* Activity
Locate the line bearing "Limegreen FrenchTip Toes N Soles" in the material below, then reproduce it and each following line up to and including the line bearing "A modern hotel".

* Records for processing
= = = =

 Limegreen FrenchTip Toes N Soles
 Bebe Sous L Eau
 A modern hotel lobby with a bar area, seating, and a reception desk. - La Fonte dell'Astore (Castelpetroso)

= = = =

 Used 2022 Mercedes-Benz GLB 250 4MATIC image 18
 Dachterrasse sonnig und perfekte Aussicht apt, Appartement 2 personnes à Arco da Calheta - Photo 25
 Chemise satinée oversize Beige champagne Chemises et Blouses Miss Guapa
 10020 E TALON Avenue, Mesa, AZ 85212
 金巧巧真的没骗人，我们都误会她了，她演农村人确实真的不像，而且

= = = =

* Completed exercise
 Limegreen FrenchTip Toes N Soles
 Bebe Sous L Eau
 A modern hotel lobby with a bar area, seating, and a reception desk. - La Fonte dell'Astore (Castelpetroso)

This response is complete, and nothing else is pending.